Quoi qu’il en soit, on voit bien se profiler le débat. D’un côté David Lisnard, maire de Cannes, affirme être pour que les Français puissent être « libres de pouvoir travailler » le 1er mai s’ils le souhaitent, et ainsi être « payés double ». « Je suis pour la liberté, je pense qu’on peut concilier la liberté de travail et le respect du 1er mai », a déclaré le président du parti Nouvelles énergies, qui va encore plus loin en estimant que la loi ne devrait pas se limiter aux boulangers, soulignant que dans des villes touristiques – comme Cannes – d’autres « magasins » feraient du chiffre durant ce jour férié. Il a dénoncé une « absurdité bureaucratique », estimant que « nous sommes dans un débat du XIXe siècle ». « On a besoin de moments rituels comme ce jour férié, mais avec des capacités de travailler.

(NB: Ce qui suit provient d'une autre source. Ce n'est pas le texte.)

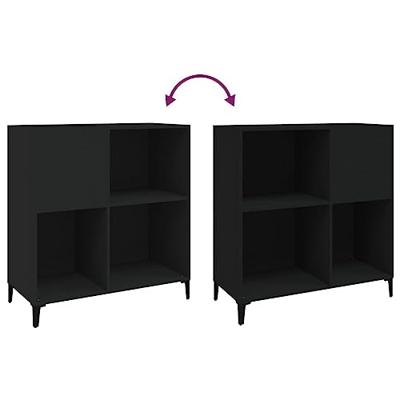 Platenkast 84,5x38x89 cm bewerkt hout zwart - thumbnail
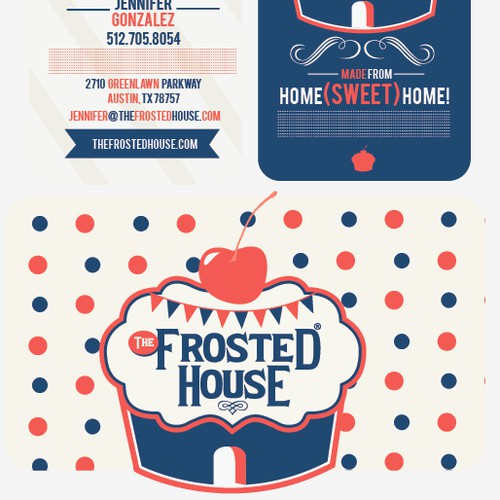Create the next logo and business card for The Frosted House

La France doit avancer », a-t-il insisté, tout en expliquant « comprendre les syndicats attachés à ce jour ». Le beurre et l’argent du beurre, en 2027 comme toujours ! Dans un contexte où l’économie française cherche de nouveaux leviers de croissance, près de 1,4 million de travailleurs supplémentaires pourraient être concernés par cette évolution législative. Cette extension traduit une volonté d’adapter la législation aux réalités économiques contemporaines. D’un autre côté, néanmoins, la grande distribution et les magasins d’outillage demeurent explicitement exclus du dispositif. Et c’est heureux, car on ne peut souhaiter à nos compatriotes une ruée vers les supermarchés comme c’est en partie le cas du dimanche. Une disposition à laquelle Joseph Touvenel s’était opposé en tant que secrétaire général de le CFTC, l’empire consumériste ayant ses limites. Les organisations ouvrières, non sans raison, pointent l’expérience du travail dominical, initialement présenté comme volontaire mais devenu, de facto, obligatoire dans de nombreux secteurs. Cette crainte d’un glissement progressif vers une généralisation du travail le 1er mai alimente les résistances et nourrit une méfiance profonde envers les garanties gouvernementales.

Les autres jours fériés français puisent dans diverses traditions : religieuses pour Pâques, l’Ascension ou Noël ; historiques pour le 14 juillet ou le 11 novembre ; ou encore régionales comme les jours fériés spécifiques à l’Alsace-Moselle. Cette diversité reflète l’héritage culturel complexe de la nation française, où se mêlent influences chrétiennes, républicaines et locales et cette tension contemporaine entre le marché et la loi. Lacordaire n’a-t-il pas encore raison en ce XXIe siècle :  « … entre le fort et le faible, entre le riche et le pauvre, entre le maître et le serviteur, c’est la liberté qui opprime et la loi qui affranchit. » (sermon à Notre-Dame, 1848).

 

Illustration : Le 1er mai, de la concorde à la lutte, de la justice à l’utopie.